Figure 9 also shows profiles from 48°N, 130°E that typify the behavior over northern China and Mongolia. These profiles show a pattern of EM − M differences opposite in sign to the pattern seen in the eastern United States. This behavior, however, may also be understood in the context of the direct effect of the EM formulation to enhance the diffusion. The different manifestation of the impact of EM on the simulated climate is related to the water balance near the surface. Figure 10 shows the latent heat flux in JJA (from the EM simulation) as well as the evaporative fraction, indicating an important difference between the eastern United States and northern China that affects the response to EM. The seasonal mean evaporation over the northern China region is approximately 90 W m−2, and over the U.S. region closer to 60 W m−2. The importance of the surface flux of moisture relative to the surface flux of heat is also illustrated in Fig. 10b, where the evaporative fraction (latent/latent + sensible) is nearly 0.8 in northern China and closer to 0.5 over the eastern United States. This difference in the importance of the surface evaporation is associated with the presence of a broadleaf deciduous forest in the northern China region.

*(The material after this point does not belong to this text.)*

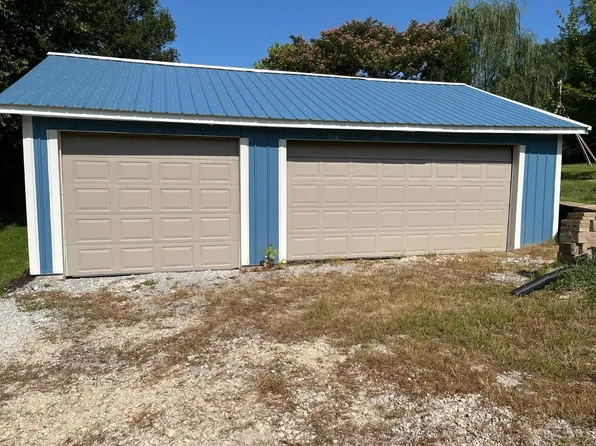 40 Harrison Ave, Cleves, OH 45002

As argued earlier, the direct effect of EM is to enhance the diffusion of moisture as well as heat. In contrast to the behavior over the eastern United States, the result in this region with its higher evaporative fraction is to increase the relative humidity aloft. This occurs due to the dominance of the moisture effect (to increase RH) over the temperature effect (to reduce RH). This increase in relative humidity aloft then initiates the pattern of behavior shown in the right side of Fig. 6. The increased diffusion (black) results in an increased relative humidity in EM, an increased precipitation, soil moisture, and evaporation (these can all be seen in the region of northern China in Figs. 3a, 3c, and 2c), a decreased canopy temperature (Fig. 2g), and a resulting decrease in the eddy diffusion coefficient, Kh. The direct response, therefore, to the enhanced diffusion due to EM is a negative feedback that acts to suppress the turbulent diffusion.

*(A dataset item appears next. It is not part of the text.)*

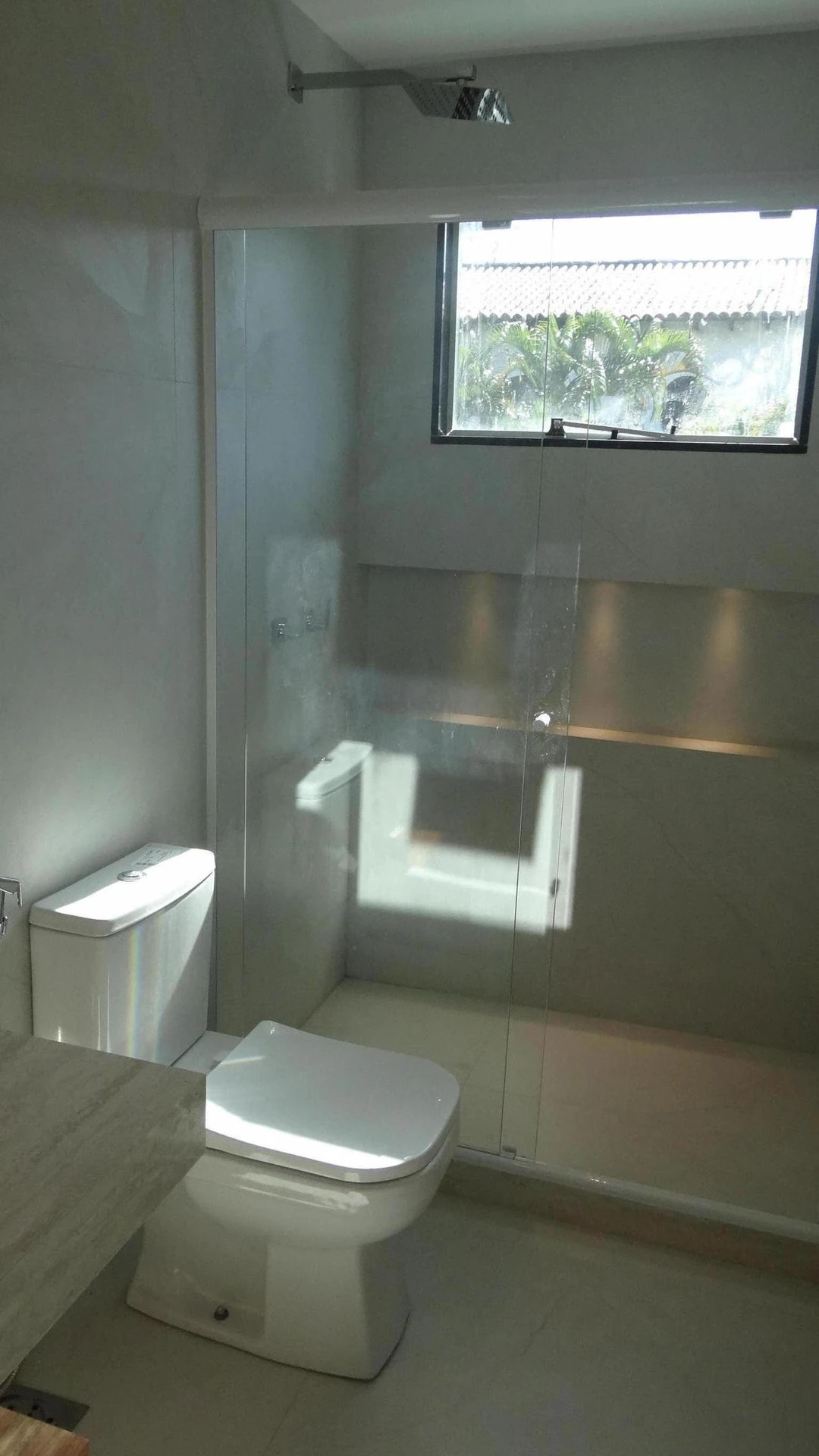 Casa de 384 m² com janelas do piso ao teto e varanda gourmet — photo 32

The enhanced evaporation in EM, however, acts as a ground source for the turbulent flux. This overrides the reduction in moisture diffusion that would be implied by the reduced eddy diffusion coefficient, and the result is an enhanced moisture diffusion. This is illustrated by the increased divergence of the turbulent moisture flux (positive EM − M difference) for 48°N, 130°E, of Fig. 11 (gray curve). The enhanced moisture diffusion in the EM simulation near the surface in the northern China region contributes to an increase in the boundary layer relative humidity, and the feedback pattern ensues, with increased precipitation, soil moisture, and evaporation, which results in a higher moisture diffusion. The completion of this feedback loop is depicted by the left-hand side of the cycle shown at right in Fig. 6.

The lower canopy temperature and sensible heat flux seen in the climate of this region is a result of the behavior of the hydrological cycle. The Bowen ratio (or the evaporative fraction) therefore dictates the sign of the positive feedback that determines the mean climate impact of EM. The enhanced diffusion due directly to the EM technique serves to suggest how the pattern began, and the dominance of either the sensible or latent heat transfer in the local climate determines how the impact of EM is manifest over a relatively drier (eastern United States) versus a wetter (eastern China) region.

6. Summary

Two 10-yr-long simulations were performed with the GEOS GCM to evaluate the impact on the resulting climate of using the extended mosaic technique rather than a mosaic technique to couple the heterogeneous land surface and the atmosphere. The results of these side-by-side simulations showed statistically significant differences on local and global scales, and demonstrate that extending the direct influence of subgrid-scale heterogeneities upward into the boundary layer using EM has the potential to affect the modeled climate.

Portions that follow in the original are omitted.